Thirty Euros for a Snow Leopard
Around 2009, the question of which operating system ran on your computer carried a genuine ideological charge. Not religion, not quite politics, but somewhere in that vicinity. Linux was for the brilliant and the performatively ascetic, often indistinguishably the same person. Windows was what happened when you let a retailer make a decision on your behalf. And Mac OS X was what you ran if you believed a computer should disappear into its function and let you think.
Mac OS X Snow Leopard came out today for thirty euros, which felt almost insultingly cheap for something that made everything perceptibly better. The pitch wasn’t transformative—no headline feature, no keynote moment to leave journalists breathless. Just the same OS, leaner and faster and more solid, with the accumulated weight of previous releases quietly resolved. Apple had the confidence to charge for an update whose main promise was that it wouldn’t get in your way. Nobody else would have gotten away with that.

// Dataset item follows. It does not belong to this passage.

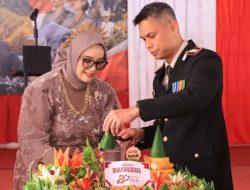 Syukuran Hari Bhayangkara ke-80: Polres Majene Teguhkan Komitmen “Polri untuk Masyarakat”, Perkuat Sinergi Seluruh Elemen Bangsa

I was among the people who lined up at midnight for it. Like Harry Potter, which I say without shame. The big-cat naming series—Cheetah, Jaguar, Panther, Tiger, Leopard, Snow Leopard—was Apple’s running declaration that their users were a different kind of creature: not consumers running productivity suites, but people who deserved something with a little predatory grace. It was calculated mystique. It worked anyway.
What Snow Leopard actually gave you was the sensation of familiar tools that had stopped fighting you. That’s rarer than it sounds. Uncle Jobs understood that the real competition wasn’t Linux or Microsoft—it was the quiet cumulative friction of software that almost works. Thirty euros to taste from his tree one more time. Obviously I said yes.
By this point the iPhone was two years old and rewriting what Apple meant in the world. The Mac faithful were becoming a subset of a much larger phenomenon, whether we liked it or not. Snow Leopard felt like the last time the Mac itself was the main event—a love letter to the people who’d been there before the mass conversion. Jobs was already visibly unwell, though nobody wanted to say it plainly. He’d be dead in two years. I didn’t know any of that at midnight in the queue. I just knew it felt right.